Source data:
╔══

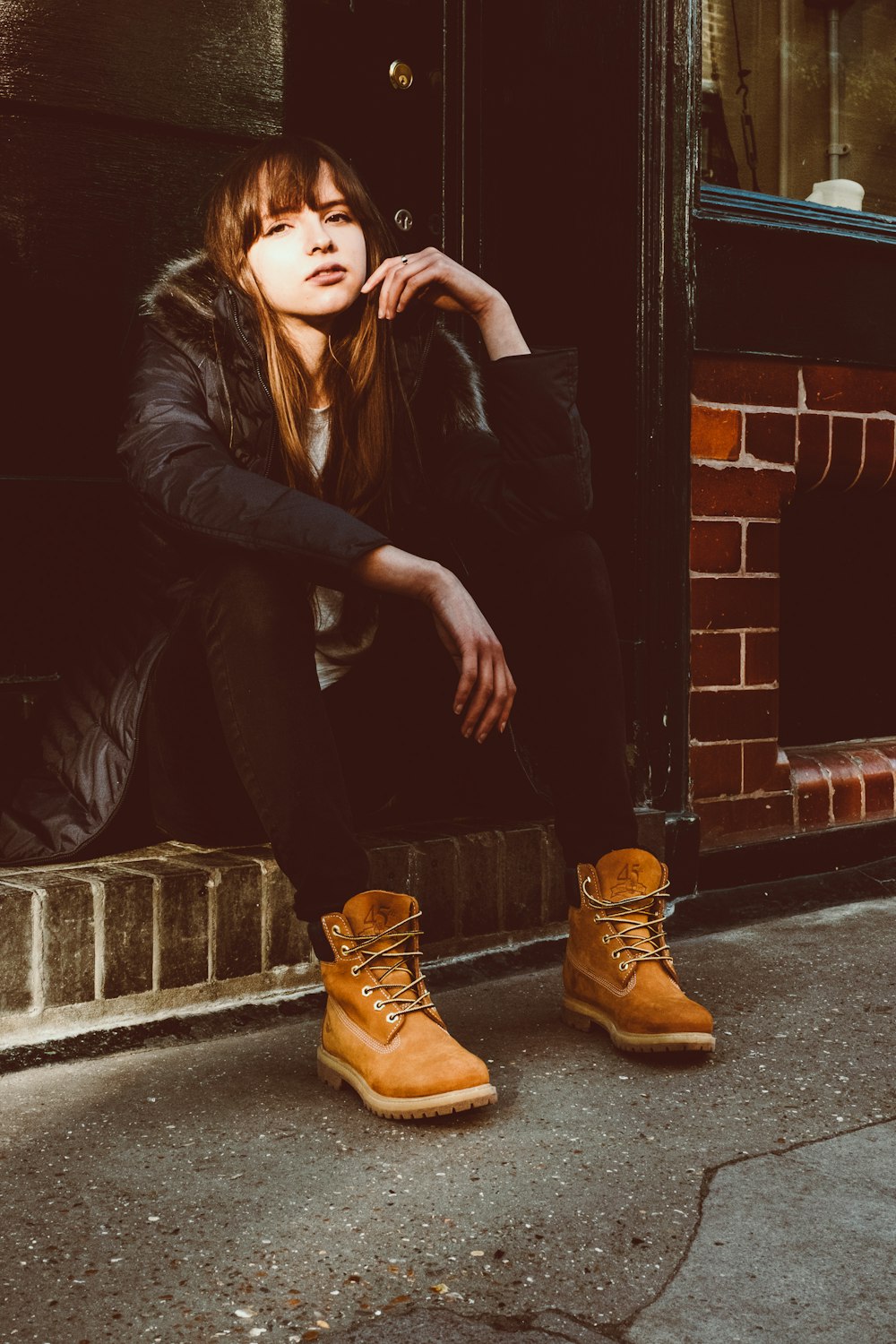 woman sitting near door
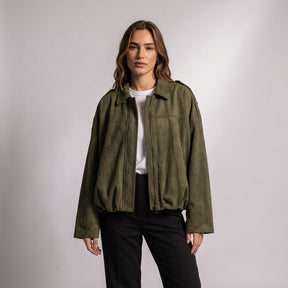 Model in the Army Green Brisa suede bomber with a white T-shirt and black trousers, front view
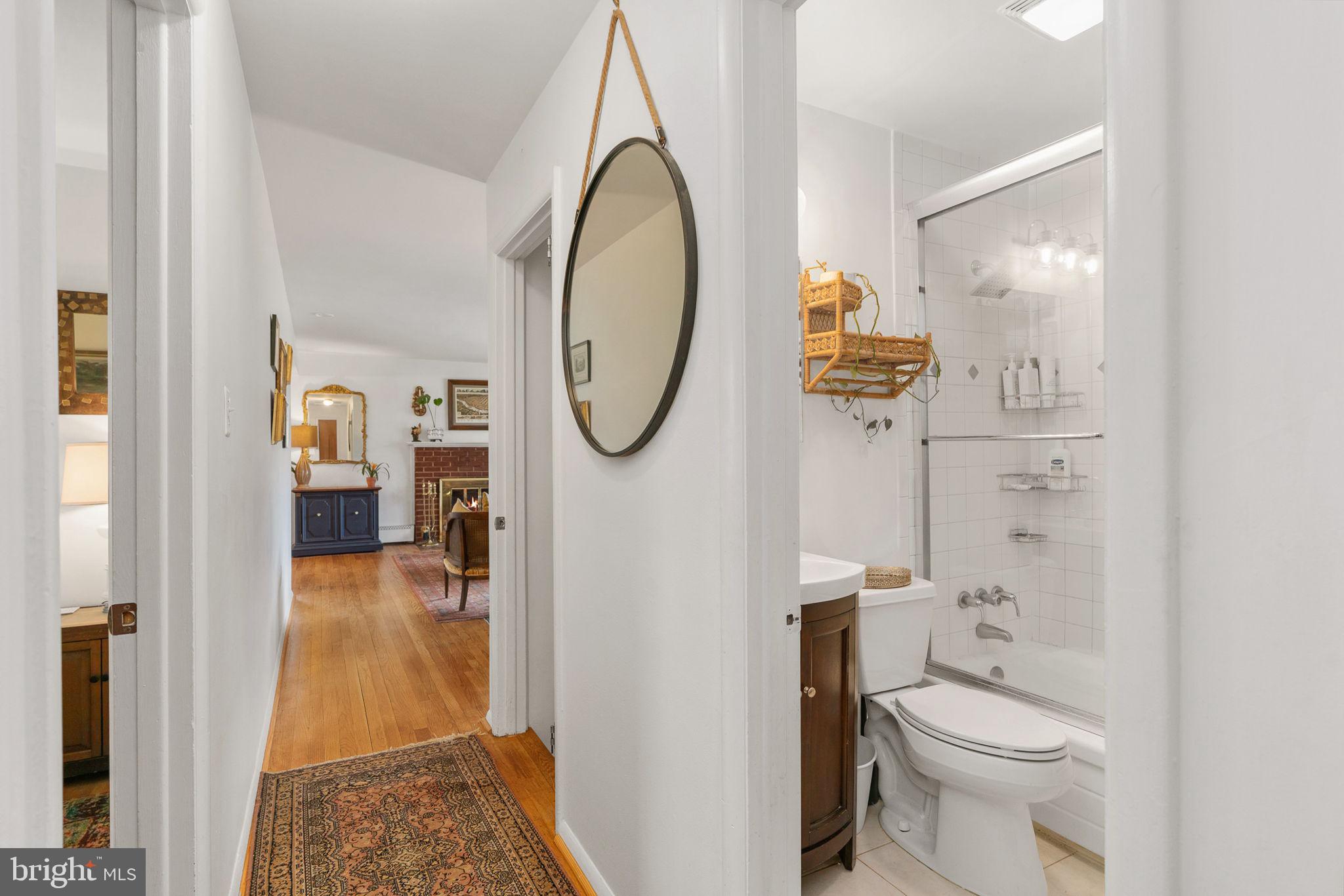 6714 Ruskin Street Springfield, VA 22150 - Photo 30 of 63 a bathroom with a toilet and a mirror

╚══

Exercise:
Give back the material above exactly, but without its images.

Task answer:
 woman sitting near door
 Model in the Army Green Brisa suede bomber with a white T-shirt and black trousers, front view
 6714 Ruskin Street Springfield, VA 22150 - Photo 30 of 63 a bathroom with a toilet and a mirror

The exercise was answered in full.